My assumption, however, was that I would have the balance of 2017 to get things right. If things hadn’t turned around by the end of the year, it would make perfect sense to shut the magazine down. I hoped that they’d still want me to stick around in one of the newsrooms, but I knew there was no guarantee of that.
I didn’t think they’d ask me to leave but keep the magazine going. My ego is still struggling with that one. I was told that my responsibilities would be divided between two or three other people.
Clearly, my former employers had no idea how much work I was doing.
I don’t know if you’ve ever been fired before, but I have been. Quite a number of times, in fact. I’ve been fired for cause, out of treachery, and because the company was shutting down. I’ve been fired because I was not good at the job I was hired to do and I’ve been fired because I was too expensive to do the job I was hired to do. I’ve been fired by angry people and sad people. I’ve been fired by nervous people and calm people. I’ve been fired by people with tears and their eyes and I’ve been fired over the phone.
I’ve also had to fire people and I will tell you that, in the short term, it’s much easier to be the unemployed than the unemployer.
As a connoisseur of the experience, I will give my most recent former employers some good marks. They were sensitive about it. They certainly did not look like they were enjoying themselves, nor did they seem ambivalent (which would have been worse).

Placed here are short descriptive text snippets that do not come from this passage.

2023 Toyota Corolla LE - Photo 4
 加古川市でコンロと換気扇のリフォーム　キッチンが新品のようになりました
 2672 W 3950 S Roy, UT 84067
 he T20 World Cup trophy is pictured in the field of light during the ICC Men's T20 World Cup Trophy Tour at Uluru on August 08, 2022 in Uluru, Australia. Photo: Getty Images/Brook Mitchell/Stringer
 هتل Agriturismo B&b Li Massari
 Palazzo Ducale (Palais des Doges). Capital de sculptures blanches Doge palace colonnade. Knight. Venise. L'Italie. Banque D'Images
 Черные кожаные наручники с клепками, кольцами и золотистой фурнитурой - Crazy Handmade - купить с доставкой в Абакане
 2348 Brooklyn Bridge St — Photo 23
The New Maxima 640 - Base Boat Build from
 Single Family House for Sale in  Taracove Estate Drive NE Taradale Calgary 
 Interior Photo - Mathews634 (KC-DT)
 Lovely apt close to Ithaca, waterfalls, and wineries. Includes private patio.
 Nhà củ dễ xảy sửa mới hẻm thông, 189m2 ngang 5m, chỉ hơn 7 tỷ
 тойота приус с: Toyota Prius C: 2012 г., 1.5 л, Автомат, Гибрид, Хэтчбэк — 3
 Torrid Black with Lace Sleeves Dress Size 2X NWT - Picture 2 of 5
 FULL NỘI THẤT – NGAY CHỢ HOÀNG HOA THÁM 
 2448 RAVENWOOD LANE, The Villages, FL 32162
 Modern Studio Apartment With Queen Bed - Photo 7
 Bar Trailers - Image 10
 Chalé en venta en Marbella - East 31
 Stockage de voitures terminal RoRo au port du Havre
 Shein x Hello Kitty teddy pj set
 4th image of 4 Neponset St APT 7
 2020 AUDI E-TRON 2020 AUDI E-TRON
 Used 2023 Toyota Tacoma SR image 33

I give them a B+. They missed out on an “A” because they did it on a Thursday (I would prefer to be fired on a Monday) and because I would have liked more severance pay (but I will acknowledge that they had no control over that).
And then that was it. Details were gone over, boxes were packed, hands were shook, and I was out. I was driving home pondering the inevitable question:
Two weeks later I’m still trying to answer that question.
If any of you out there have a good lead on freelance writing or copy editing gigs, please let me know. I have a strong suspicion that I will be working behind someone’s bar by the end of the month, just to make ends meet. I also have some other plans in the hopper, but you’ll have to stay tuned for that.
For now, I’m just looking around, hoping to spy a few opportunities. Hopefully I won’t be so quick to label the next one my dream job. And God knows, if anyone ever gives me an office again, I will keep the thing as empty as possible. I doubt I’ll ever be comfortable working for someone else ever again.
But I’m a writer, and a damn fine one if I do say so myself. Someone out there is bound to pay me to put words together. Like another great writer from Minnesota once said “The only thing I knew how to do was to keep on keepin’ on.”